Home » Volumes » Volume 47 July/August 2014 » Selfishness among healthcare workers and nosocomial infections: a causal relationship?

Selfishness among healthcare workers and nosocomial infections: a causal relationship?

Fernando Bellissimo-Rodrigues[1] [2] Wanessa Teixeira Bellissimo-Rodrigues[1] Mayra Gonçalves Menegueti[2]

[1]Departamento de Medicina Social, Faculdade de Medicina de Ribeirão Preto, Universidade de São Paulo, Ribeirão Preto, SP [2]Comissão de Controle de Infecção Hospitalar, Hospital das Clínicas da Faculdade de Medicina de Ribeirão Preto, Universidade de São Paulo, Ribeirão Preto, SP

DOI: 10.1590/0037-8682-0191-2014

Hand hygiene remains the single most important measure that can be undertaken by healthcare workers to prevent nosocomial infections. It has been 167 years since the pioneering study by Semmelweiss proved it effective1, and with the recent spread of multidrug-resistant bacteria in hospitals, hand hygiene is now more important than ever2. Despite being simple, effective, safe, and cheap, the worldwide compliance of healthcare workers to proper hand hygiene is typically below 50%, and it is estimated that 50-70% of nosocomial infections are transmitted on the hands of healthcare workers3.

In the literature, innumerable reasons have been proposed to explain this fact, with a consensus that causes in the clinical setting are lack of resources, training, or supervision.
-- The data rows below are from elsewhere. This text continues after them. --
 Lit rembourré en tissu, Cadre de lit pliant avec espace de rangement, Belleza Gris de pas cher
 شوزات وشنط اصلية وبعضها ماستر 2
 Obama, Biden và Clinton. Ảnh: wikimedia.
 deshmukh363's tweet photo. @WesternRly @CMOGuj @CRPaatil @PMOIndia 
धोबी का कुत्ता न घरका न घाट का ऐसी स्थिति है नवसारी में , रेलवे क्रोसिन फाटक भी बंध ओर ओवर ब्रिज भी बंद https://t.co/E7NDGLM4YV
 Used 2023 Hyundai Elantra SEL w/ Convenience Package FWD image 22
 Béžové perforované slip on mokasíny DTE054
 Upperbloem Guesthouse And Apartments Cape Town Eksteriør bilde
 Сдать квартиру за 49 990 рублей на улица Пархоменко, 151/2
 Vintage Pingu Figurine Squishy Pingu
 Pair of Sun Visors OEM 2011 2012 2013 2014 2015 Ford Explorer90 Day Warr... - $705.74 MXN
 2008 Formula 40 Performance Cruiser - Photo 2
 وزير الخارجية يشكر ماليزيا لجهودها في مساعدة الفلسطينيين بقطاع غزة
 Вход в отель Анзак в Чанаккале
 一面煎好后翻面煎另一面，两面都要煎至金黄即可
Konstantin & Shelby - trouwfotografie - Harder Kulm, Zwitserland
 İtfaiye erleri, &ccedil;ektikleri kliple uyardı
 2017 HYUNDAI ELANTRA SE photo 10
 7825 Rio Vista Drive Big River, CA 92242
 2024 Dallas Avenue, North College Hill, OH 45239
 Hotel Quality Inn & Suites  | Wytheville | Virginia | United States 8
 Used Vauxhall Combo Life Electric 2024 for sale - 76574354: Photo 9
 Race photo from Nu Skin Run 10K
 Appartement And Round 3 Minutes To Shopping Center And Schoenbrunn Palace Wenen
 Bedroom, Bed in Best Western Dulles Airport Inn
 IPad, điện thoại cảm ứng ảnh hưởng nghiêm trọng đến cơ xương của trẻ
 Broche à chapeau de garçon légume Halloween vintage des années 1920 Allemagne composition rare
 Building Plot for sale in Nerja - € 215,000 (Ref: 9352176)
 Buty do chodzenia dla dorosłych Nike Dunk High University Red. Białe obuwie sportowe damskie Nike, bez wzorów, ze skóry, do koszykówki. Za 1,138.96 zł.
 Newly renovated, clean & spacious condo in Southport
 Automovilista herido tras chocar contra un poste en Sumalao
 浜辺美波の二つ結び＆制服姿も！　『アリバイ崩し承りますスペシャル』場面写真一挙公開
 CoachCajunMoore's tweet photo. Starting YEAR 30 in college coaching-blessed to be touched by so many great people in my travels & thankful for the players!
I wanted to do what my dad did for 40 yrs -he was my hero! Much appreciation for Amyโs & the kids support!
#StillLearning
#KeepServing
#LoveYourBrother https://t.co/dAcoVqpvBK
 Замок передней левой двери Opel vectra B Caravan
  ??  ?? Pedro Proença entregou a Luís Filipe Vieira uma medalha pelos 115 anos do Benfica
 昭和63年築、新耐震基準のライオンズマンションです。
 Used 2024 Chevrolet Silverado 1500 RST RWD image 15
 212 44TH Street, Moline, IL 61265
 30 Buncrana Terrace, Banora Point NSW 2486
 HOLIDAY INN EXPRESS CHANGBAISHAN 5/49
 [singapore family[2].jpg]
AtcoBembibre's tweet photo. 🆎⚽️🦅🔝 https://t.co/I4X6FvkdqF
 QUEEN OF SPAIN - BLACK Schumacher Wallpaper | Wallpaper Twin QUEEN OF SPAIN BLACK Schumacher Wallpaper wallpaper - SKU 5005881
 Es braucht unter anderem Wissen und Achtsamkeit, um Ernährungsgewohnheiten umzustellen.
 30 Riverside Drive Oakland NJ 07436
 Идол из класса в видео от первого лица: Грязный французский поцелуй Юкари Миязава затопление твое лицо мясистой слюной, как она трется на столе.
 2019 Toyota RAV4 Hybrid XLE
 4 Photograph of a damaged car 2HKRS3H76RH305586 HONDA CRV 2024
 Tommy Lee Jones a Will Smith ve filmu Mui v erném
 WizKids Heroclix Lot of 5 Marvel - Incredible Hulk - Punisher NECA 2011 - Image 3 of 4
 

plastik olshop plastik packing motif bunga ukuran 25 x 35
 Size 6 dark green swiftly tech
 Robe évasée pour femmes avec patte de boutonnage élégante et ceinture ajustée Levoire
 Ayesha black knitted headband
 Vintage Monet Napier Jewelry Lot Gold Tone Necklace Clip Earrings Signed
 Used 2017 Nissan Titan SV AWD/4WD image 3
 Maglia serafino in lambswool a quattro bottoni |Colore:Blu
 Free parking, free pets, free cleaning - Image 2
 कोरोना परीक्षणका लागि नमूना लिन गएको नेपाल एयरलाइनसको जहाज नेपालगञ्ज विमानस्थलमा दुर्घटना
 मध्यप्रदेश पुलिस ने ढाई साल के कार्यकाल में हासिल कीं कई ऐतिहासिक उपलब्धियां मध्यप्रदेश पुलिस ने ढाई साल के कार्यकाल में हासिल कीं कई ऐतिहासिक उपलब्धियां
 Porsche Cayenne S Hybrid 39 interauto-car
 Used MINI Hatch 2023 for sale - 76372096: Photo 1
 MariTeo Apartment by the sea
However, even when dealing with highly skilled healthcare workers working in high-resource hospitals, full compliance with hand hygiene procedures has never been achieved3. Thus, we believe that, besides lack of resources and training, a low level of commitment to patient wellbeing is a major cause of low compliance.

When considering this hypothesis, it is important to analyze individual compliance with each of the 5 moments proposed by the World Health Organization (WHO) as critical points in hand hygiene protocols3. These moments are: 1) before touching a patient, 2) before aseptic/clean procedure, 3) after body fluid exposure, 4) after touching a patient, and 5) after touching the patient’s surroundings. When the references cited by WHO Guidelines on Hand Hygiene in Health Care are considered, and compliance analyzed at the pre- and post-care points, compliance at the post-care points is greater than compliance at the pre-care in 10 (83.3%) of the 12 studies cited3.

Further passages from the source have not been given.